▶ _GOAL OF THE EXERCISE_
Below, some lines carry pictures; leave those pictures out and retype exactly the lines from the one with "上海队兵强马壮再显实力广厦需国内球员助力布朗提升表现" through the one with "Les cahiers d'exercices".

▶ _RECORDS TO USE_
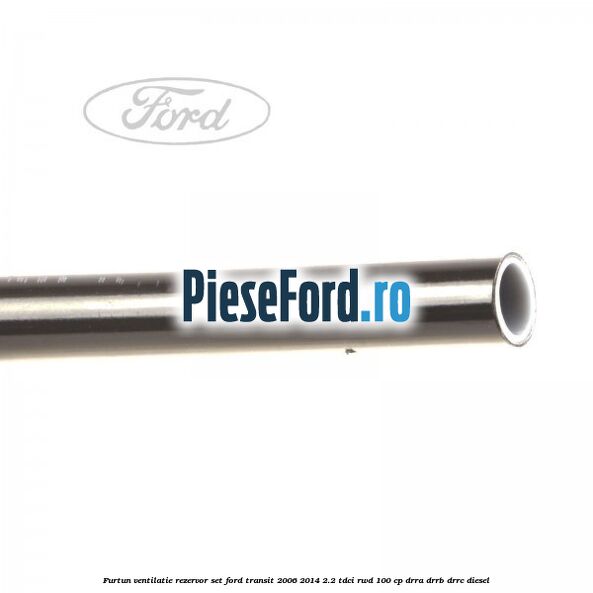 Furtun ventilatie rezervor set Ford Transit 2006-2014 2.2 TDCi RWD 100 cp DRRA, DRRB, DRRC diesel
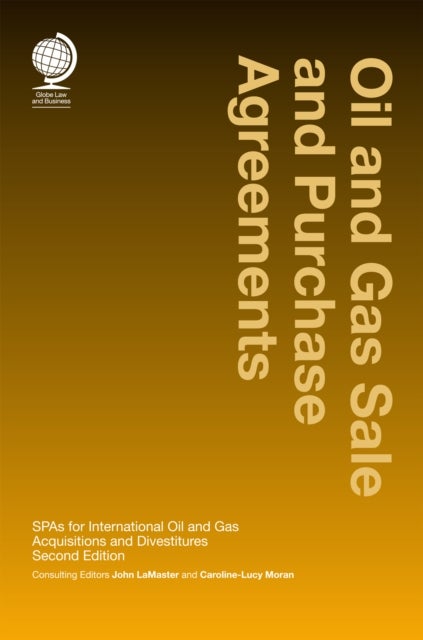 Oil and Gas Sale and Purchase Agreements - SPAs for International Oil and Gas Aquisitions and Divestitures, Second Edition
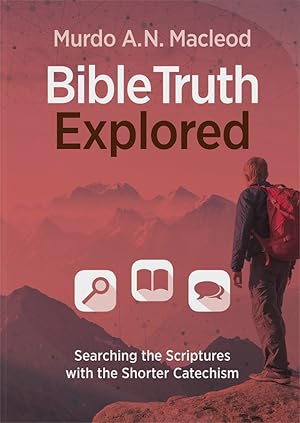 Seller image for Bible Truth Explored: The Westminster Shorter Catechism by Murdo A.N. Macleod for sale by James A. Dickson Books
* * *
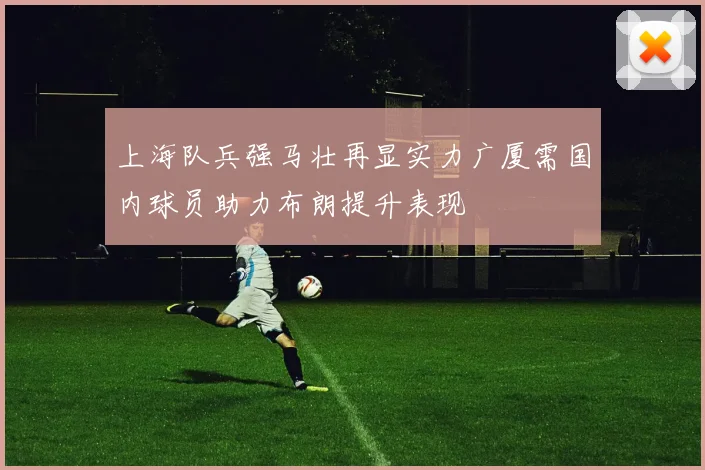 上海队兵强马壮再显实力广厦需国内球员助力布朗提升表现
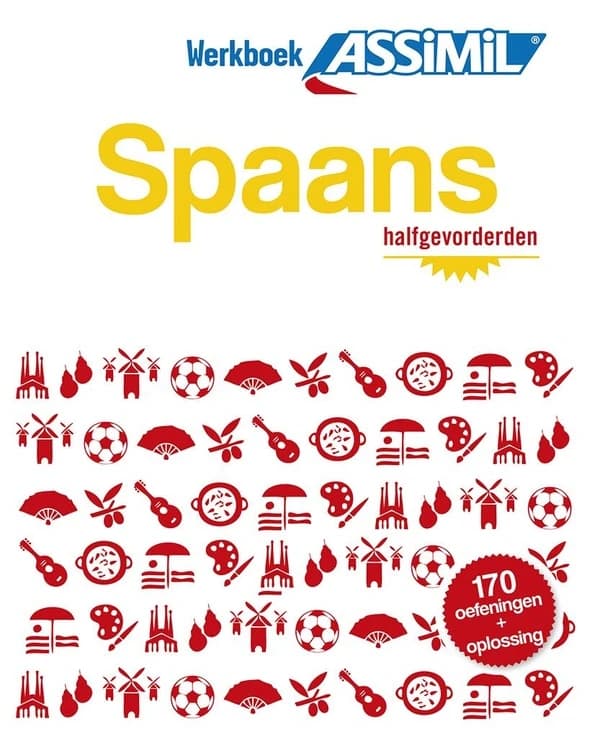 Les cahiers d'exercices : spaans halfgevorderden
---
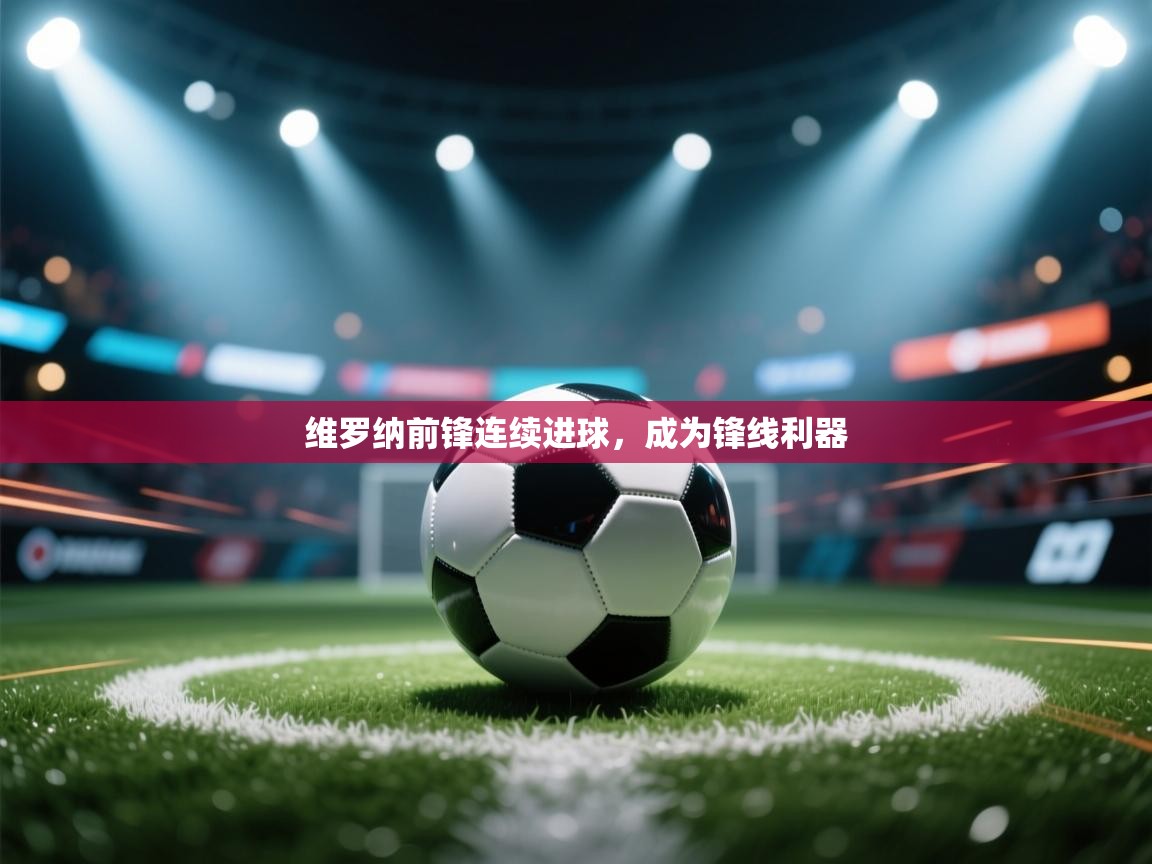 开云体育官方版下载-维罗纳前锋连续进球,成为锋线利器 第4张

▶ _SOLUTION_
 上海队兵强马壮再显实力广厦需国内球员助力布朗提升表现
 Les cahiers d'exercices : spaans halfgevorderden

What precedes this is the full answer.